In the financial services industry, a professional providing financial advisory services for fee-based or managed accounts has discretion over the price (i.e. the professional's fee) charged to the client for the professional's services. Ultimately, the price charged by the professional must be within the market-acceptable boundaries, or clients will go elsewhere. However, if the price charged is too low, the professional may not be earning the maximum amount of per account revenue available to the professional.
While the discretion over pricing allows professionals much freedom to reward client loyalty, or encourage new business or more desirable business, many financial advisors with such discretion find it a source of difficulty and frustration. In practice, many of these professionals do not have a reliable sense of how they themselves price their services relative to others and are uninformed as to the actual pricing behavior of their competitors (even within the same firm). Ideally, a professional should be able to charge a client “what the market will bear” but this is difficult without accurate and up-to-date information on the state of the market. There is also pressure on professionals or particular firms to maximize revenue by charging higher prices. However, with little reliable guidance, it is difficult for a professional to know how to adopt a pricing strategy that is revenue-maximizing, bearing in mind his own client, asset and product variables, as well as, being competitive with the professional's peers.

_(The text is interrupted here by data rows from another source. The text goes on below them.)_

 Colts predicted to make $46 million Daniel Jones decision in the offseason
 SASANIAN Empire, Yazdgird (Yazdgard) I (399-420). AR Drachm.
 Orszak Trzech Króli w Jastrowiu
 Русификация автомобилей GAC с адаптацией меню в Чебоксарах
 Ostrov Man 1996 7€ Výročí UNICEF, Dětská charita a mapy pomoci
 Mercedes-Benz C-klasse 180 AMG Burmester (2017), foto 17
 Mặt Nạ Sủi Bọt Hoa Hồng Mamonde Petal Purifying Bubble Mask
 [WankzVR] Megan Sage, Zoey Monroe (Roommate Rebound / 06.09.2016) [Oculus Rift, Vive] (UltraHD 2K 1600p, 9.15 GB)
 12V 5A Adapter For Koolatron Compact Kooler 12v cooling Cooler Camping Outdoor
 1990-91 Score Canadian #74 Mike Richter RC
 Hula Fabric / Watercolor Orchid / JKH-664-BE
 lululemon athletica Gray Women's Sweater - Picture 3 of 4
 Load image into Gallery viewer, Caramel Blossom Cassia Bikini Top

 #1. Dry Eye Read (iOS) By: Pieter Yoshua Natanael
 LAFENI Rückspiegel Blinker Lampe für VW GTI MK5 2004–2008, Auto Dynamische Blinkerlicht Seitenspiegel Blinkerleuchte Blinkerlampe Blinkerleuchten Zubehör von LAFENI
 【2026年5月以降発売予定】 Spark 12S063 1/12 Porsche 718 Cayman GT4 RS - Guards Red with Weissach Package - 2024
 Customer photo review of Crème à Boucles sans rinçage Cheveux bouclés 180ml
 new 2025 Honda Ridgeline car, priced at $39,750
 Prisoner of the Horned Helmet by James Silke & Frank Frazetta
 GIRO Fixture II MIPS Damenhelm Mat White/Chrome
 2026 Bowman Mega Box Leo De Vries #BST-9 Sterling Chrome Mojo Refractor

Transaction pricing information has started to become available. Professionals can now use reports of their past pricing behavior for transactions and evaluate their pricing against prices charged by their peers (e.g. U.S. Pat. No. 7,028,006) or against reference prices based on historical transaction data (e.g. US Published Patent Application No. 2008/0097886 A1). However, it would be desirable to make comparison data for fee-based and managed accounts available in a simple visual format. This would further allow the professional to evaluate the proposed pricing in light of the specifics of the account and comparison data with similar historical (i.e. existing) accounts and consider various pricing (fee-setting) scenarios.